Thursday, November 17, 2011

HRW calls on Obama to tackle Indonesian abuses

The Human Rights Watch is encouraging President Barack Obama to tackle Indonesia’s leader during his visit this week. President Obama should be meeting with President Soil Bambang Yudhoyono during this week’s East Asia Summit. In Indonesia, the light sentencing that was given to members of a religious lynch mob aggravated the local and international media. This mob was accused of killing three members of the Ahmadiyah minority sect. The same court had jailed one of the Ahmadiyah survivors of the attack in August for six months, who had lost his hand in the violence for defending himself and his friends.

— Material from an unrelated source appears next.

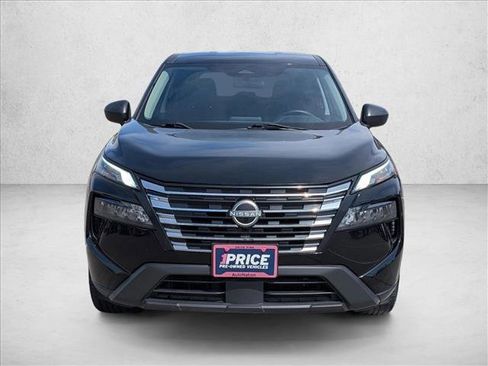 Used 2024 Nissan Rogue S image 2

In Indonesia, Christians and the Ahmadiyah Islamic sects are minorities and have experienced persecution based on their religious affiliations. The Indonesian constitution guarantees freedom of religion; however, the persecution of minority religious groups have escalated since 2008. In February, a 1,500-strong mob of Muslims set two churches alight and ransacked a third in the town of Twanging, on Java island, as they demanded that a Christian man be sentenced to death for insulting Islam. More than 80 per cent of Indonesia's estimated 240 million people are Muslim. Five per cent are Protestants and three per cent Catholic.

The Human Rights Watch is encouraging President Obama to persuade President Yudhoyono to take serious action to prevent persecution of religious minority group to provide security and to end discriminatory laws.

I think the United States have the right to step in and encourage President Yudhoyono about this current situation in Indonesia. This country stands to protect and respect human rights. It is disturbing that the president of Indonesia hasn’t taken action to prevent more persecutions onto these minority groups. It is shameful that is all over the media, and it is making the Indonesian government lacking legitimacy especially that majority of the population are Muslims.